Hace ya más de un cuarto de siglo que se derribó aquel viejo mercado de la Encarnación, situado en lo que es un perímetro entrañable, en su sentido literal, de Sevilla, aunque a veces no sea apto para turistas y visitantes por horas. Aquel derribo se adelantaba a la reconstrucción de un mercado moderno que debía estar de acuerdo con las corrientes más respetuosas con un modelo de ciudad para vivir, que no es lo mismo que mantener la fachada. Buenos proyectos los hubo aunque, la historia hablará, nunca se pudieron llevar a cabo, unas veces por la negativa de los propios autónomos del mercado y otras por razones políticas. Han pasado casi tres décadas y el solar ha seguido ahí, impertérrito, acogiendo un aparcamiento de coches, luego de autobuses urbanos, y siempre testigo de la imagen de Sevilla como ciudad ensimismada.

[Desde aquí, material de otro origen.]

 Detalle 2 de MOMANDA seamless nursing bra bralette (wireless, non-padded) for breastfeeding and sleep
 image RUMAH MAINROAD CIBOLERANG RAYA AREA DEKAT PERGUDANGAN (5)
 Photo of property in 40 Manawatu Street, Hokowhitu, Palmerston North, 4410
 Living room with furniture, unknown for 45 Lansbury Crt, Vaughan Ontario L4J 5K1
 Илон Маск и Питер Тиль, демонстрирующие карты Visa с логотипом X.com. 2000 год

Del cero al infinito. Se acabó el solar vacío; nuestro Ayuntamiento de coalición, socialistas y andalucistas gobernando con un exacto y hermético reparto de tareas, ha aprobado otorgar a un grupo de empresas la concesión para construir y gestionar por 50 años esa zona que albergará un mercado bajo suelo y un aparcamiento rotatorio para varios cientos de coches. La plaza de la Encarnación, una de las señas de identidad de la ciudad, pasará a ser lo que con acierto el profesor Ojeda y otros profesionales han denominado un 'no-lugar.com', marcado por la explotación masiva e intensiva del suelo público además de por la impersonalidad y el urbanismo estandarizado.

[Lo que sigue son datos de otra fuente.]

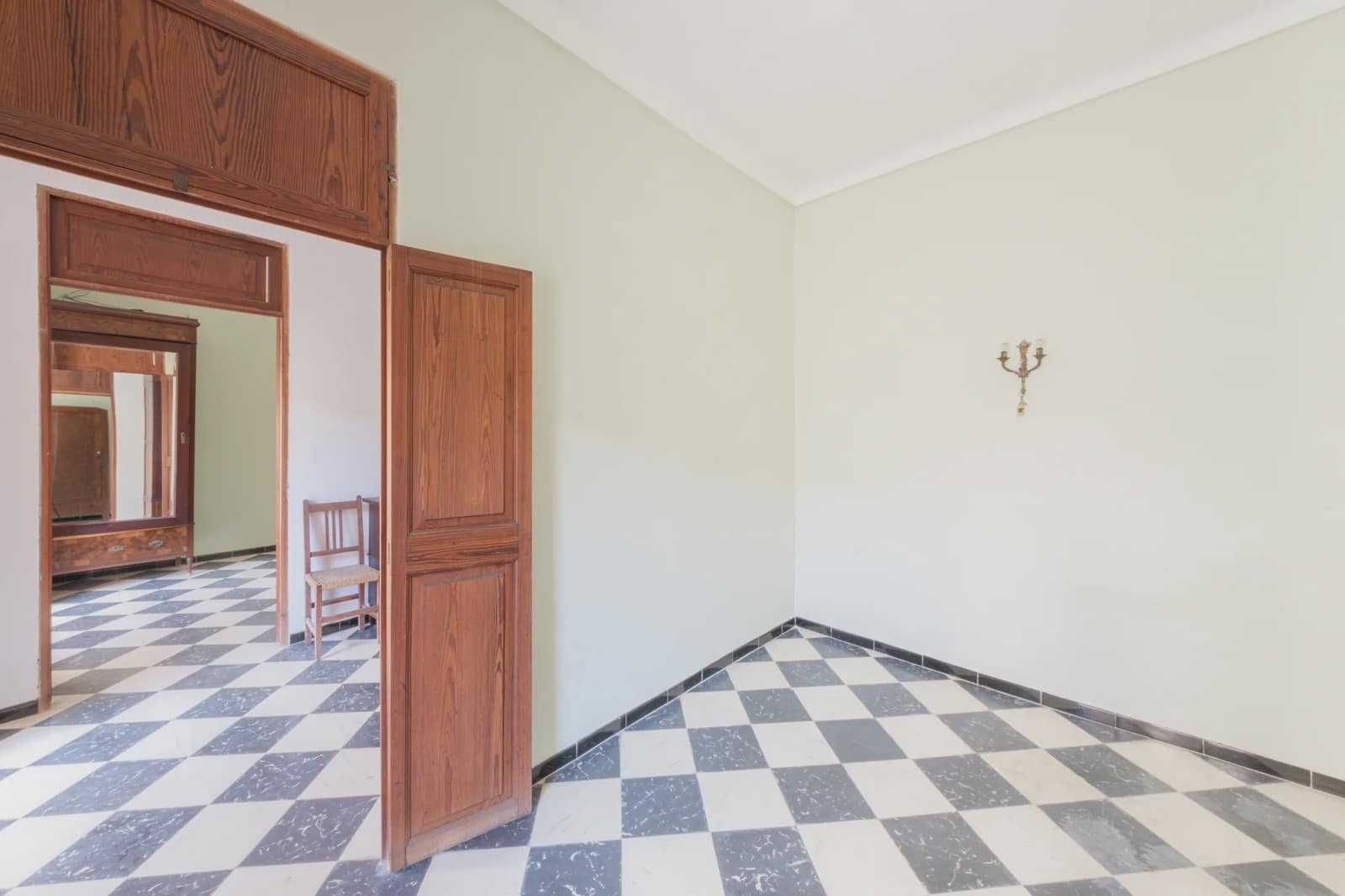 8 bedroom Townhouse for sale in Son Servera - € 700,000 (Ref: 8074371)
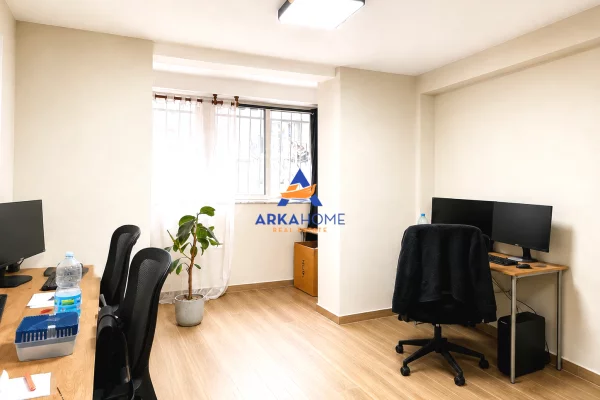 Ambient biznesi me qera 3+1 ne Tirane - 594 Euro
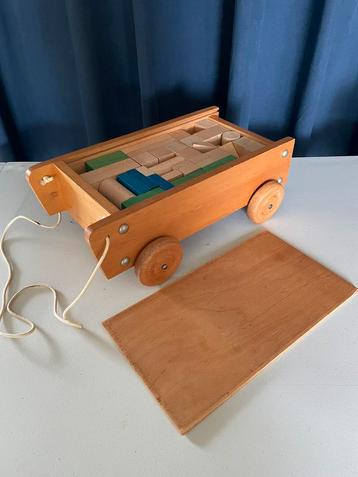 Vintage houten blokkenkar beschikbaar voor biedingen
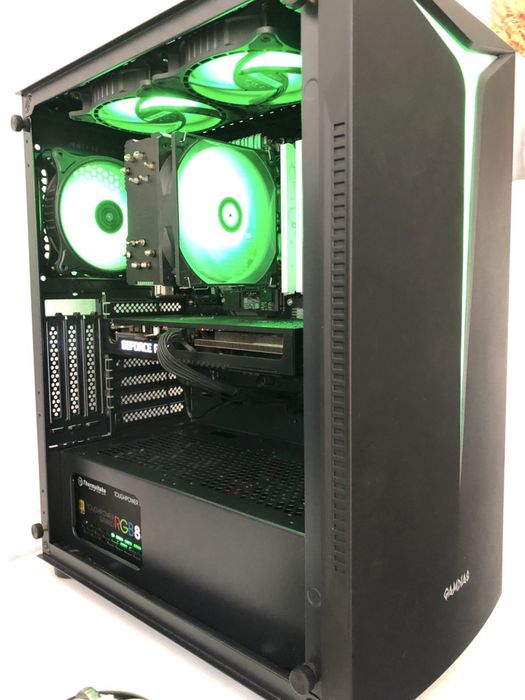 Ігровий компʼютер: RTX 3070; Ryzen 7 3700X; 32 GB DDR4 (3600 MHz); m2 SSD 1тб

Con la carrera electoral municipal ya arrancada, algún candidato comienza a hablar de la Sevilla que quiere e incluso de la que se imagina en el futuro. Ahora bien, si miramos atrás, debemos recordar los años 60 y 70 del siglo pasado, cuando la especulación y el urbanismo salvaje era actividad diaria que contaba con la colaboración o anuencia de una corporación no democrática. Entonces surgió un intenso y decisivo movimiento de defensa de la ciudad como ámbito de convivencia, de respeto a su patrimonio y de civismo comprometido. La cruel ironía es que la institución cuyo fundamento democrático es la defensa de lo público sea la que, tres décadas después, defiende o permite idéntica privatización de ese patrimonio colectivo. Nos queda como consuelo que, como ayer, se consolide y extienda una opinión crítica frente a esta insensatez.